«Legge sul caporalato e articolo 62, così non va»

Il produttore lucano Giuseppe Corrado: l'agricoltura ha subito un'involuzione

«Legge sul caporalato e articolo 62, così non va»
Uno sfogo amaro. E' quello di Giuseppe Corrado, produttore di Nova Siri Marina (Matera) che in un ampio testo inviato a Italiafruit News vuole mette in luce quelle che - a suo giudizio - sono le incongruenze del sistema: gli effetti della legge contro il caporalato da una parte, la mancata applicazione dell'articolo 62 dall'altra. E poi tutte le difficoltà nel fare agricoltura oggi, con una politica distante anni luce dai problemi dei produttori e la pressione della Grande distribuzione organizzata. Ecco un sunto della sua lettera:

"L’agricoltura del terzo millennio ha subito, a mio avviso, un'involuzione che si potrebbe etichettare come eccessiva perdita dell'autonomia imprenditoriale", scrive Corrado. "Delle tipiche aziende agricole che nel dopoguerra avevano fatto notevoli passi in avanti in termini di tecnologia e produzioni di eccellenza resta poco. Ormai sono quasi tutte assoggettate al mondo finanziario da una parte, oppure a detentori di brevetti di piante che in non pochi casi coincidono con le catene distributive. Queste ultime attuano il seguente meccanismo: ti dò le piante e coltivi, poi noi te le commercializziamo. Sperando in una liquidazione finale onesta". "Tutto questo - prosegue Corrado - è consentito da una liberalizzazione selvaggia, la quale ha permesso che pochi - si contano sulle dita delle mani - abbiano un potere economico/finanziario imponente".
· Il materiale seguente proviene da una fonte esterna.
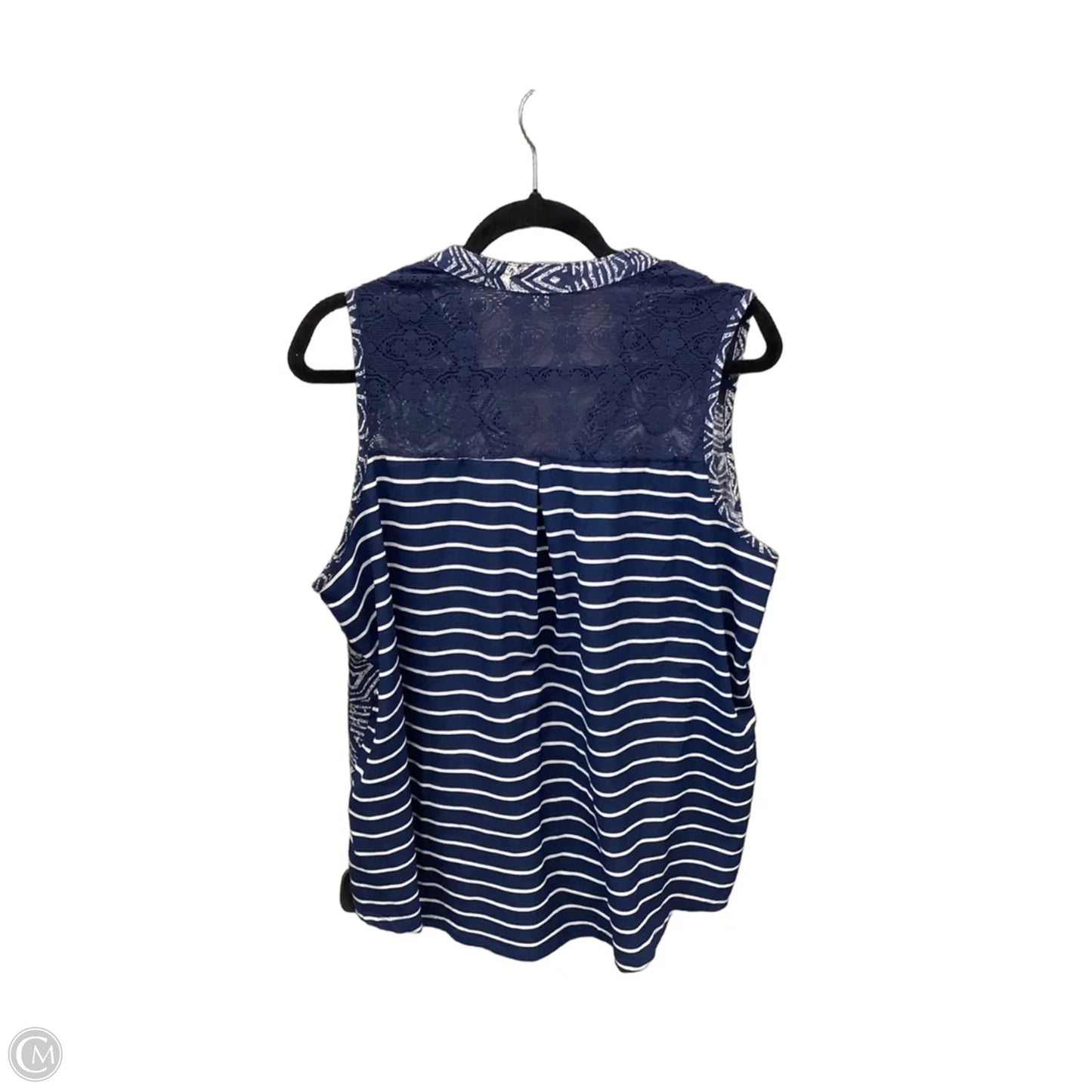 Top Sleeveless By French Laundry In Blue, Size: 1x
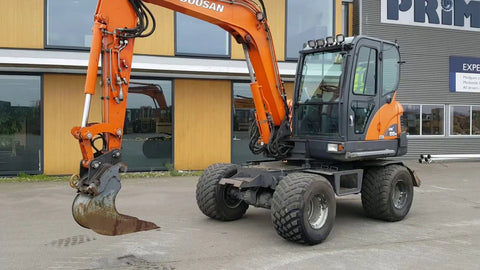 Doosan DX55W Wheel Excavator Electrical Schematic Diagram Manual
"Se non ti adegui sei tagliato fuori, nessuno ti vende le piante, nè commercializza il prodotto", aggiunge Corrado. "C'è da rimpiangere i gloriosi Mercati generali presenti in quasi tutti i capoluoghi, dove c’era una sana concorrenza. Una situazione che vivo quotidianamente insieme a mio fratello, nella piana del Metapontino in provincia di Matera, dove agli inizi degli anni Ottanta abbiamo ereditato un'azienda agricola di 100 ettari coltivati in parte a frutteti  - circa 30 - il resto a cereali e, in minima parte, orticole. La mole di lavoro che sviluppiamo non è proporzionale ai ricavi. Gli strumenti legislativi ci sarebbero pure ma non sono attuati: si veda in proposito la legge 27/12 articolo 62, detta del "giusto prezzo", rimasta lettera morta".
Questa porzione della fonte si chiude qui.